The rapist should have MET the woman first to confirm that she is real, etc. I would assume at least - before taking a chance of raping someone who doesn't want to be.

You both have your fantasies and the thing is to find what you both are willing to do - that doesn't cause a problem in your marriage. My wife and I were open marriage - I had experience and don't mix Love with Sex. Had fun times. But things went wonky and cheating started. That's when it became a problem. Oddly, even thou she was the one cheating - she was also having some jealousy issues with me being with other women. This isn't exactly "hotwife" as I am not just going to sit there and watch. As you have shared - you get turned on with guys touching your wife - That is "She's hot - you want to touch her" thinking. Kissing = romance / Love. This is why kissing prostitutes is a rarity much less strippers. That is when your mind goes *ARGH KILL KILL*. In swinging / poly - kissing is sometimes okay - especially when its poly or its 2 gals and one guy. The dynamics all vary between person and couples.
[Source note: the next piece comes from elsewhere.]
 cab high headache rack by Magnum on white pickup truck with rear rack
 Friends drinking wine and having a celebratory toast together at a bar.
A female friend of mine broke up with her fiancee a short while ago, she still has two boyfriends. The breakup had nothing to do with any of the guys - but his drinking and drug abuse which also caused him to mentally abuse her. So I and other friends supported her leaving him. Another female friend, a young woman of 22 has a few sexual partners - broke up with her BF over semi-typical stuff. She was not jealous of him with other girls. Sometimes she'll date a new guy and he would decide that SHE will be monogamous... that results in "uh - no. buh-bye".
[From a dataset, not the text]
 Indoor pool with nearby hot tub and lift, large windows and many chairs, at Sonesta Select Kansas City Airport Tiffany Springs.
There are those who do O-R just fine... married for 10, 20, 50 years... there are those who do it to spice things up will likely get in trouble. The problem I feel is that MEN project the fantasy onto their wives (cuckold / hotwife) and not understanding that sex with other guys - has a high risk of her bonding with one of the other guys and it becomes cheating. Having my wife lie and cheat behind my back, willing to destroy our marriage was extremely painful - beyond anger. I think was at risk of heart attack for days on end. That kind of pain wasn't worth it. We barely got back together - and its work in progress. This place help saved my family as a unit. Still divorced and all, but we wanted to get back together. Do we still like kinky stuff - yep. But we're not doing those things anymore. Going to stripper clubs is fine - we have fun, enjoy eye-candy and hang out with friends. So even let your wife go to a male strip joint... she'll likely ravish you.